People make sense when you realize that they don't make sense.
Back in the 1930s, David Butler produced a movie-musical entitled, "Just Imagine."
The movie describes a man that was struck by lightning in the 1930s, kept unconscious, and then revived 50 years later in the 80s! In this film, we see how people thought of what the future would appear.
Airplanes have replaced cars, people no longer have names - instead, they have handles, such as J-21, and meals come as a pill.
This post is not about the plans replacing cars, handles replacing names (but funny how that's become a thing), nor is it about steak dinners - it's about being human.
In our pursuit to make life more efficient, we look for ways to reduce - think Lean Six Sigma. How can we get from Point A to Point B faster? How can we reduce congestion on the freeways? How can we produce more for less? The classic American credo.

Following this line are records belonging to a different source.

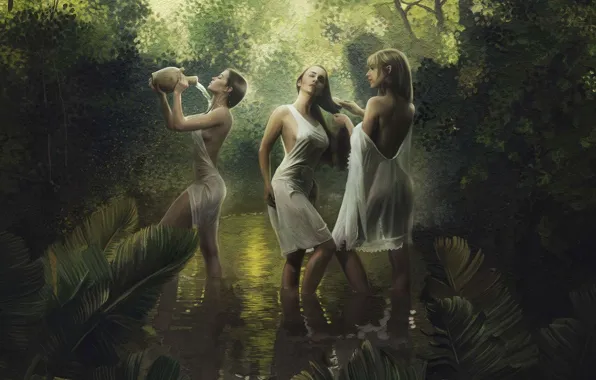 Stream, girls, twilight, bathing, pitcher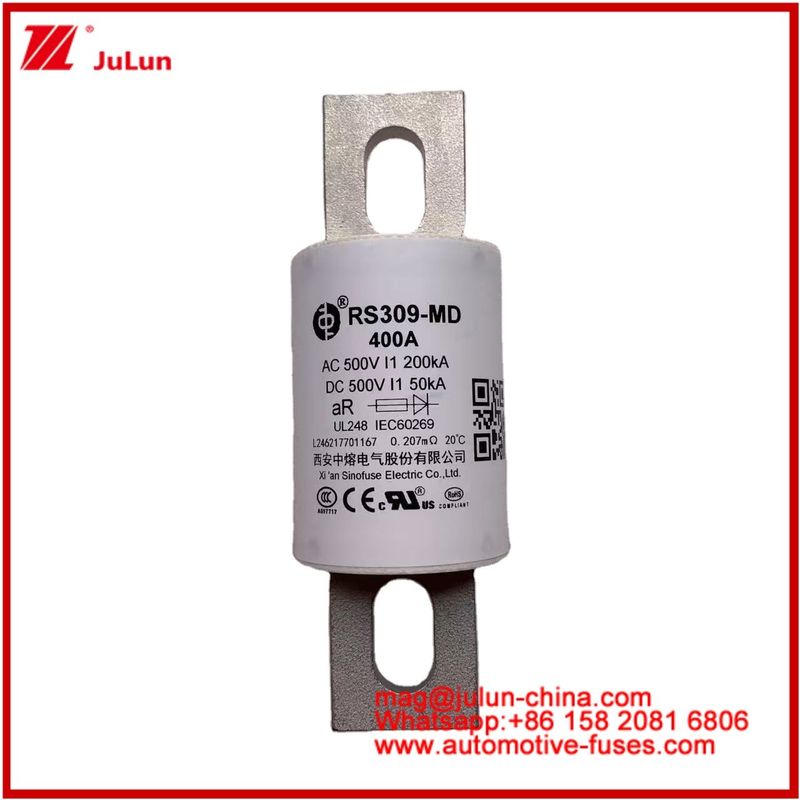 RS309-MD 400A 500VAC 200KA 500VDC 50KA AR فيوزهای سرامیکی لوله ای خودرو نصب بولت محافظت از نیمه هادی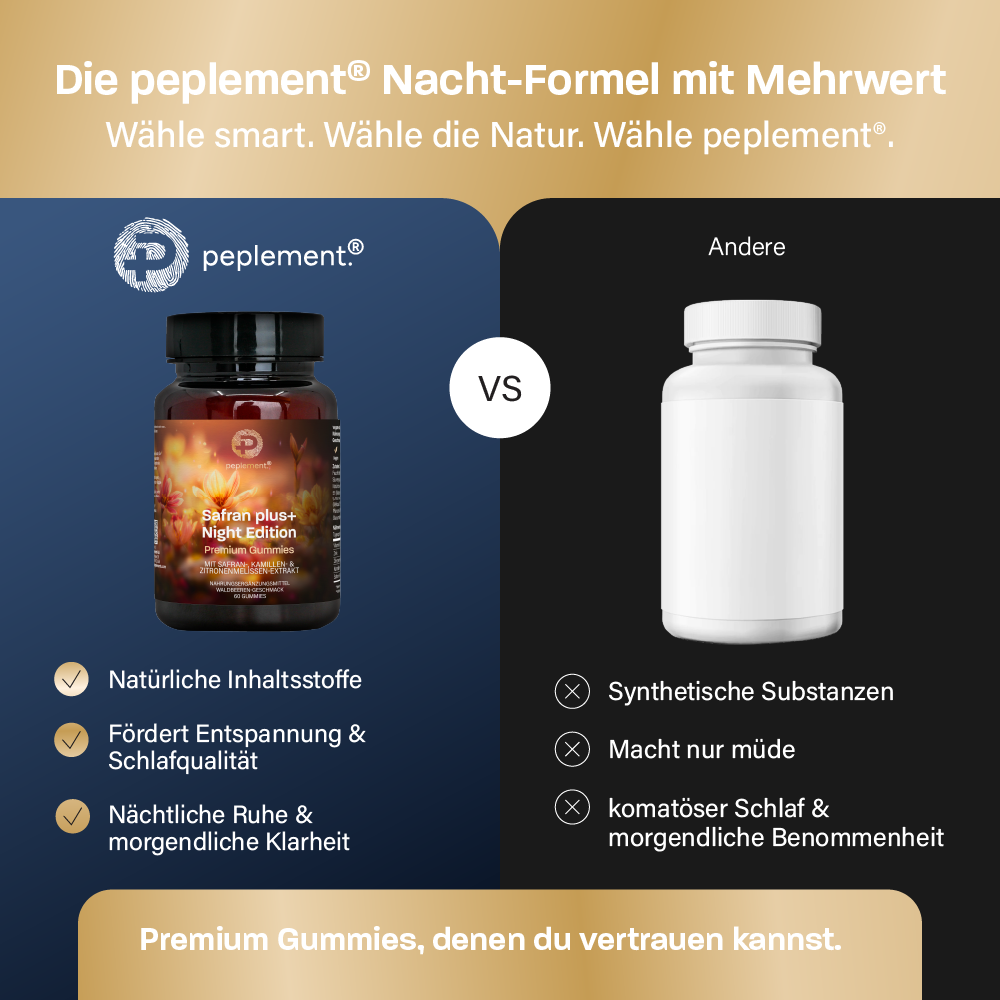 Safran plus+ Night Edition – Zuckerfreie, vegane Gummies mit Safran, Melisse, Kamille, Zink & Vitamin B6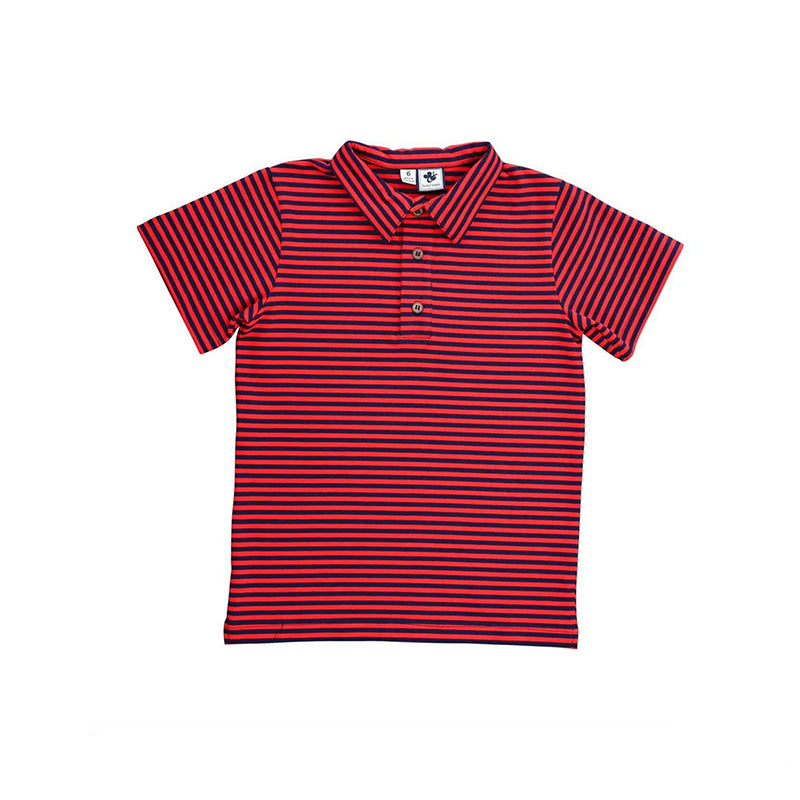 red and navy mini stripe polo for boys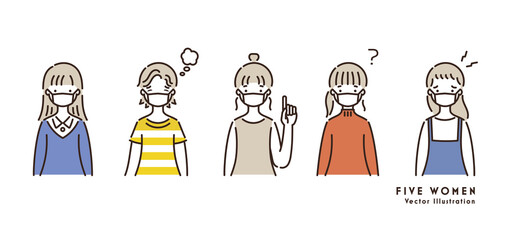 マスクをつけた5人の女性のイラスト 発見 ひらめき 気づき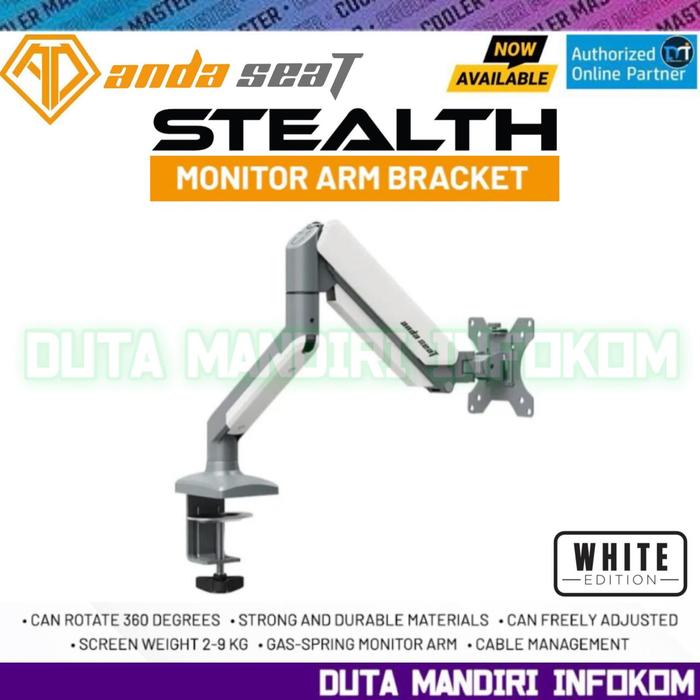 Gambar ANDASEAT STEALTH - Bracket Stand Arm Monitor VESA Mount I Anda Seat A6L-1T - White Edition  dari Duta Mandiri Infokom undefined Tokopedia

Clearly, there was a time when we thought meals might come in the form of pills. They're convenient - we don't need to know how to cook, and many of us know how to take pills. If you look at the food now, you might even think we're well on our way there with processed foods such as high fructose corn syrup or American cheese. But then, why is craft-beer and sourdough bread becoming a thing again?
Because I enjoy baking bread, I can tell you that sourdough takes a tremendous amount of time and effort - especially if you're growing your own starter. It's incredibly inefficient when we could simply buy "Wonder" bread from the store, or make bread using a yeast packet. In our quest for efficiency as a race, how is bread becoming exempt?
Because sourdough bread, and other artisanal products, are not about efficiency, nutrition, or the time it took to create. It's about the unspoken feeling, the magic, the delight, of eating sourdough bread.
How we might feel towards artisan-crafted goods, such as sourdough, is how we might think about these everyday situations.
Think about the frustration of waiting in line at the grocery store. We often think the stores don't have enough staff, or shoppers are acting rash. Are these really the causes?
What if the experience of waiting was delightful?
What if a grocery store created an app that showed real-time line length, toilet paper supply, and the best times to arrive for a quick in-and-out?
Think about the frustrations of job searching. Recruiters aren't always great about getting back to us when we don't pass. Companies don't want to provide feedback because that creates legal risk.
What if a prospective employer offered three takeaways we could use to help with future job searches?
What if a recruiter connected us with another role to check out?
If supermarkets, or companies, instituted even one of these suggestions - how would you feel about job searching or grocery shopping?
The logical answers are to add more staff or lines at the grocery store or protect the company from risk. The illogical answers are to create delight in a waiting line, invest in an app, or help another human find a job. They are also the answers that change the way people feel.
This is not a manifesto against logic. But it's a reminder that logic isn't always the answer. Sometimes, the problem is not what we're being told, but what we can't see. We have to use empathy, hope, and stories to better understand one another - that which can't easily be quantified.
As we become more and more separate, I believe the chances of us longing to be more and more connected will become proportionately greater. I hope we'll embrace that longing, do things that help us feel something better, and become more human.
It might not make sense, but being human rarely does.